すると地面の範囲の定義は・・・・となってわけがわからなくなるので、透明人間に触れている物質に更に触れている物質は透明にはならないことにする。
つまり、透明人間がベッドで寝たとすると、
枕、掛け布団、マットレスは透明になり、枕カバーの中のストローを輪切りにした奴や、マットレスの下の木枠はそのまま知覚できることになる。
透明になる範囲を体の一部に触れるとすると、更に
・「体の一部に触れる時間」
が問題となる。
一瞬でも体の一部に触れた者は透明になるのか、触れている間のみ、透明になるのかということである。
例えば、触れている間のみ透明になるとすれば、街中で、一般人とすれ違う時に肩が触れたりするとその人は一瞬消えて、また現れることになる。

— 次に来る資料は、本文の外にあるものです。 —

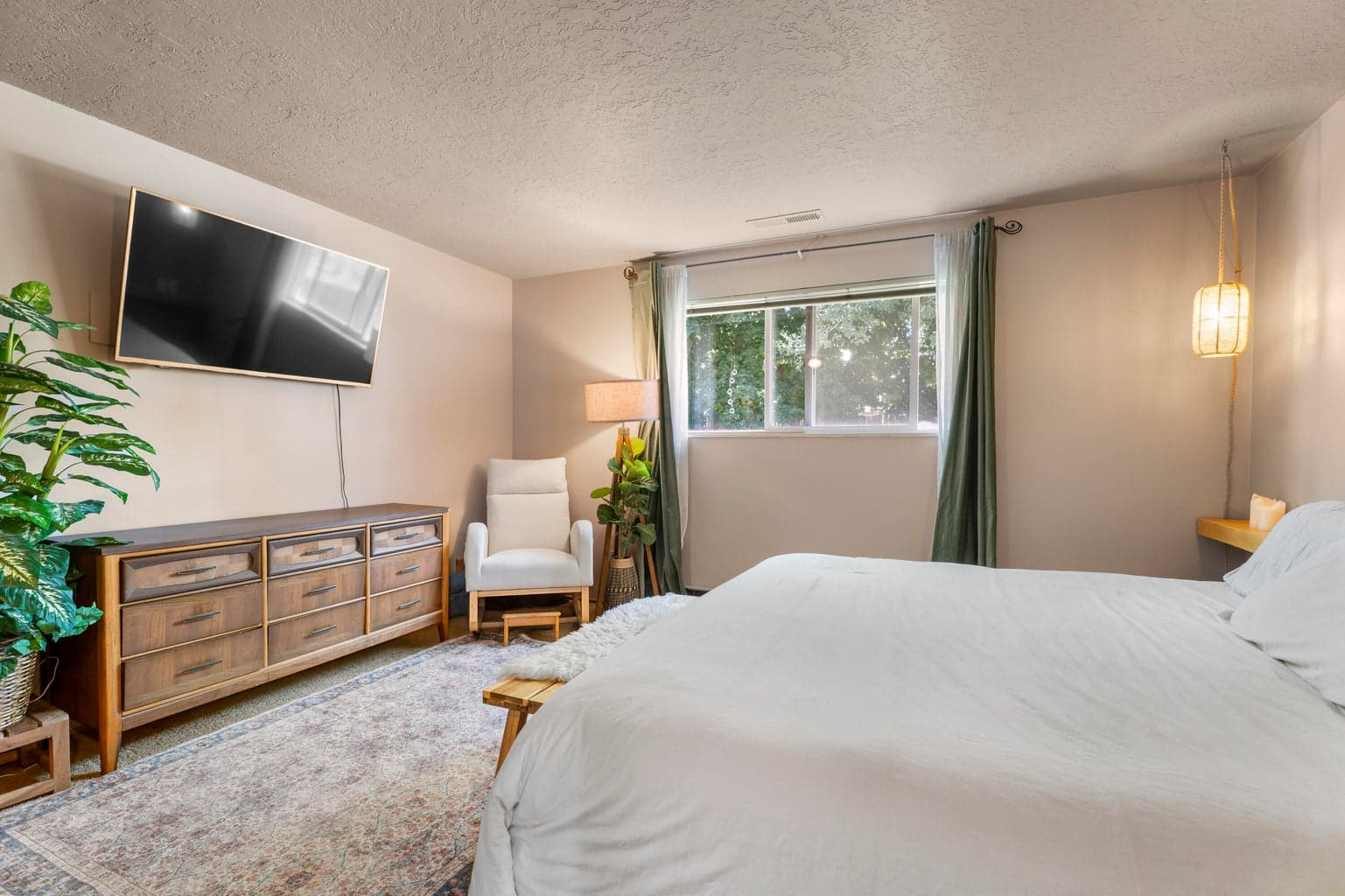 Photo of 21081 Gardenia Avenue 22 of 44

逆に、一瞬でも触れた者は透明になるとすると、たまたま触れた人がずっと「透明人間」として暮らすことになる。これはもはや「透明能力の分配」である。そうなるとまた、「透明能力が分配」された際の、時間制限などの問題に派生する。
また、②の物質不透過タイプの透明人間だとし、
触れている間のみ透明になることを適用すると、建物にもたれ掛かると、その建物自体も透明になることになる。
わけがわからなくなるので、折衷案として、
自身の所有物でないものは、体の一部に触れたとしても透明にはならない。
とする。
こうすれば、街の一般人や建物に触れたとしてもそのものは透明にはならない。
とりあえず、今思いついた問題は片付いたことにする。
透明人間になる契約を持ち出された際には上記のような事項について先方に確認しておかないといけない。